Start of Available data
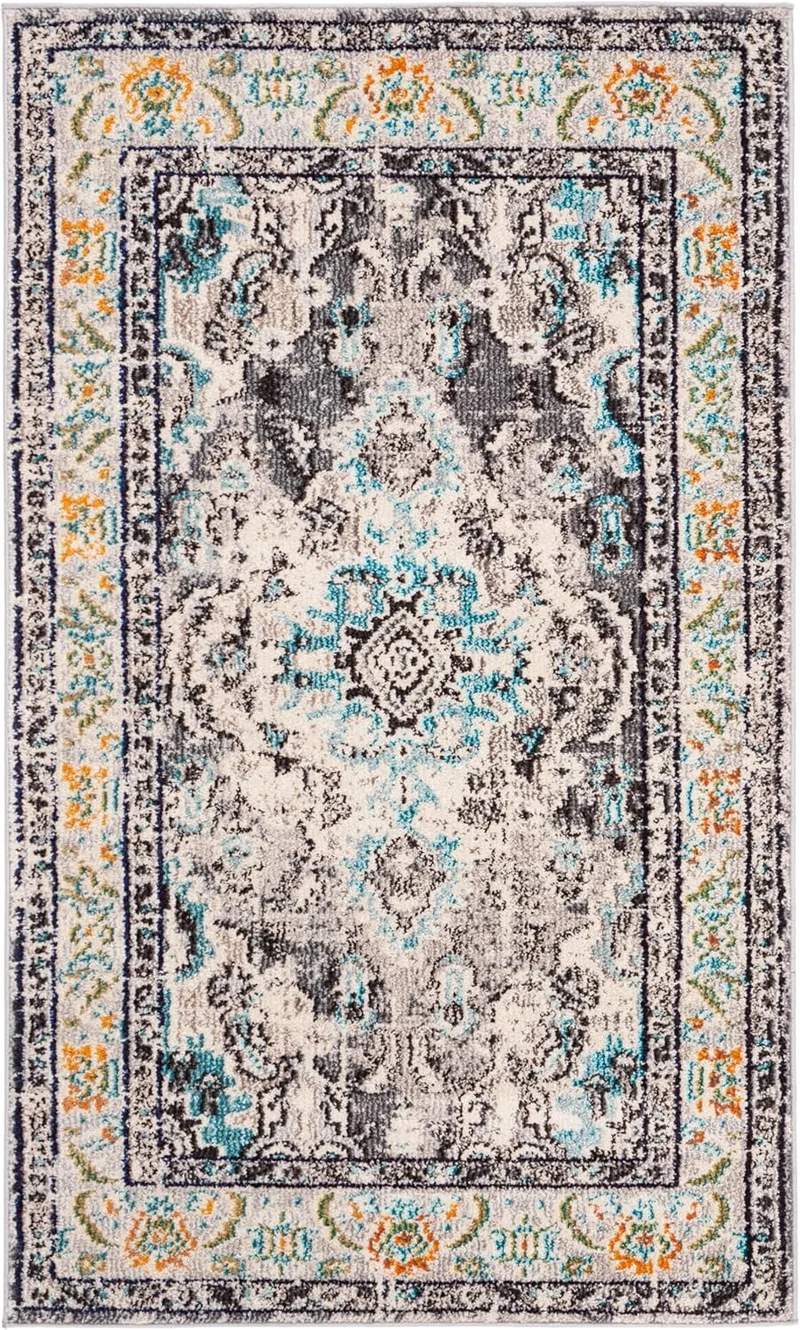 SAFAVIEH Boho Chic Teppich für Wohnzimmer, Esszimmer, Schlafzimmer - Monaco Collection, Kurzer Flor,
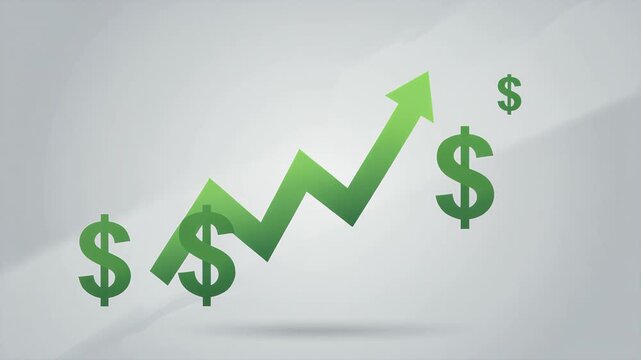 Green upward arrow chart graph showing business and economy increase with dollar signs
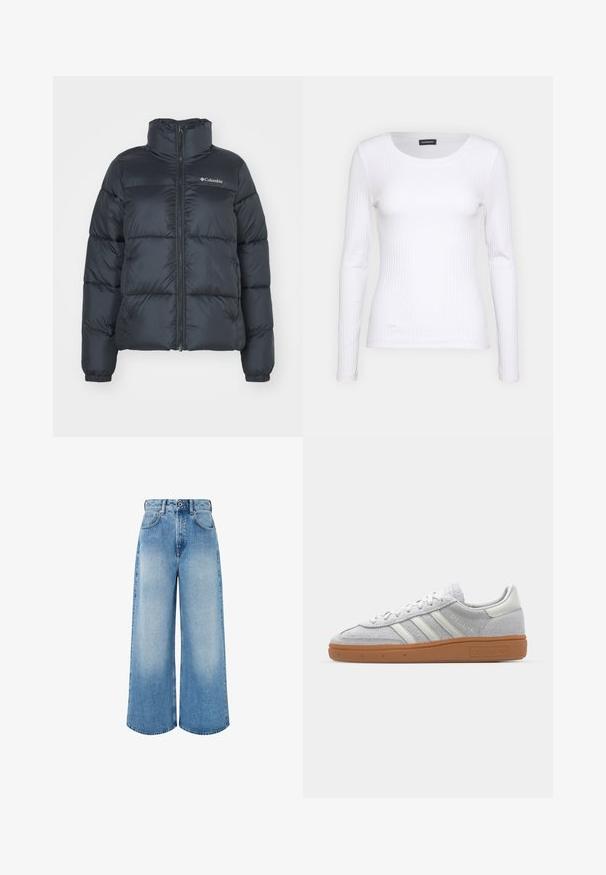 Sort dunjakke med høj krave, lynlås foran og elastiske manchetter. Har vandret quiltede sektioner og et logo på brystet.; Hvid ribbet langærmet trøje med rund halsudskæring. Fremstillet af et strækstof, der sidder tæt til kroppen. Har subtile horisontale linjer.; Lyseblå vidde jeans lavet af denim, med høj talje, knaplukning og subtil falmning med rene kantkanter.; Lys grå ruskinds sneaker med hvide læderdetaljer, tre hvide striber og en brun gummisål, der har en polstret krave for komfort.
End of Available data
_Activity_
Exact repetition required: repeat the first line of the listing above, the line containing "Green upward arrow", and every line between, leaving out pictures.

_Solution below_
 SAFAVIEH Boho Chic Teppich für Wohnzimmer, Esszimmer, Schlafzimmer - Monaco Collection, Kurzer Flor,
 Green upward arrow chart graph showing business and economy increase with dollar signs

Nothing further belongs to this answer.